_What you have to do_. Lines from the start of the data through the line containing "a patio with" must be given again exactly. Leave the others out.

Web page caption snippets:
== Segment start ==
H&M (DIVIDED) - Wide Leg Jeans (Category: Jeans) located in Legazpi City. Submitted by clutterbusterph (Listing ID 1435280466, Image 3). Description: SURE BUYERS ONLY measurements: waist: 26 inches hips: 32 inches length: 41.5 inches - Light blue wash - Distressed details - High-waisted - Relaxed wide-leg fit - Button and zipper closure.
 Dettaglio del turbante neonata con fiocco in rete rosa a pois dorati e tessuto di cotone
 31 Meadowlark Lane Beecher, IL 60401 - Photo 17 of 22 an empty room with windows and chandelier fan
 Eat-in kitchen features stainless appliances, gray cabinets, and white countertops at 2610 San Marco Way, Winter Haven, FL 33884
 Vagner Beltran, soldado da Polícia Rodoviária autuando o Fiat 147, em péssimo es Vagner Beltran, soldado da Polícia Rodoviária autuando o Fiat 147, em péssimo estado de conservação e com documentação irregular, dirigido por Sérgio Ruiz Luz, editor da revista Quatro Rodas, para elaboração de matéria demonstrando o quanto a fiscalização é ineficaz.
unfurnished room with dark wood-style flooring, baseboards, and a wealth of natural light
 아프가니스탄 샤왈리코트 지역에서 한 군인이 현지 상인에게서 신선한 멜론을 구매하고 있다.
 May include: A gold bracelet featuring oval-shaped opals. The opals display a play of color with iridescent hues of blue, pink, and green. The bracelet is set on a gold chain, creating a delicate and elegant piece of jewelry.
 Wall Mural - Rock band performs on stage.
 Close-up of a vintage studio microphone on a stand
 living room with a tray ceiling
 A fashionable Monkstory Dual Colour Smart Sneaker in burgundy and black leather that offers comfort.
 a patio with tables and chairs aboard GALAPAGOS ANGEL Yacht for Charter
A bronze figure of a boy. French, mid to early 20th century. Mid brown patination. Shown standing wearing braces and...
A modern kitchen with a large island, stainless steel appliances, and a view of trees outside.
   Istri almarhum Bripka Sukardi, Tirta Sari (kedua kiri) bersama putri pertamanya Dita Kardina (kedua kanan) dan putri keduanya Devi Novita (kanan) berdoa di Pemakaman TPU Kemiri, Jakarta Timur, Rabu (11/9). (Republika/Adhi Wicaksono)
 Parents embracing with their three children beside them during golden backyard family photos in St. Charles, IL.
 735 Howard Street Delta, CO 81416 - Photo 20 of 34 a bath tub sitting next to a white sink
== Segment end ==
_Solution to the problem_.
H&M (DIVIDED) - Wide Leg Jeans (Category: Jeans) located in Legazpi City. Submitted by clutterbusterph (Listing ID 1435280466, Image 3). Description: SURE BUYERS ONLY measurements: waist: 26 inches hips: 32 inches length: 41.5 inches - Light blue wash - Distressed details - High-waisted - Relaxed wide-leg fit - Button and zipper closure.
 Dettaglio del turbante neonata con fiocco in rete rosa a pois dorati e tessuto di cotone
 31 Meadowlark Lane Beecher, IL 60401 - Photo 17 of 22 an empty room with windows and chandelier fan
 Eat-in kitchen features stainless appliances, gray cabinets, and white countertops at 2610 San Marco Way, Winter Haven, FL 33884
 Vagner Beltran, soldado da Polícia Rodoviária autuando o Fiat 147, em péssimo es Vagner Beltran, soldado da Polícia Rodoviária autuando o Fiat 147, em péssimo estado de conservação e com documentação irregular, dirigido por Sérgio Ruiz Luz, editor da revista Quatro Rodas, para elaboração de matéria demonstrando o quanto a fiscalização é ineficaz.
unfurnished room with dark wood-style flooring, baseboards, and a wealth of natural light
 아프가니스탄 샤왈리코트 지역에서 한 군인이 현지 상인에게서 신선한 멜론을 구매하고 있다.
 May include: A gold bracelet featuring oval-shaped opals. The opals display a play of color with iridescent hues of blue, pink, and green. The bracelet is set on a gold chain, creating a delicate and elegant piece of jewelry.
 Wall Mural - Rock band performs on stage.
 Close-up of a vintage studio microphone on a stand
 living room with a tray ceiling
 A fashionable Monkstory Dual Colour Smart Sneaker in burgundy and black leather that offers comfort.
 a patio with tables and chairs aboard GALAPAGOS ANGEL Yacht for Charter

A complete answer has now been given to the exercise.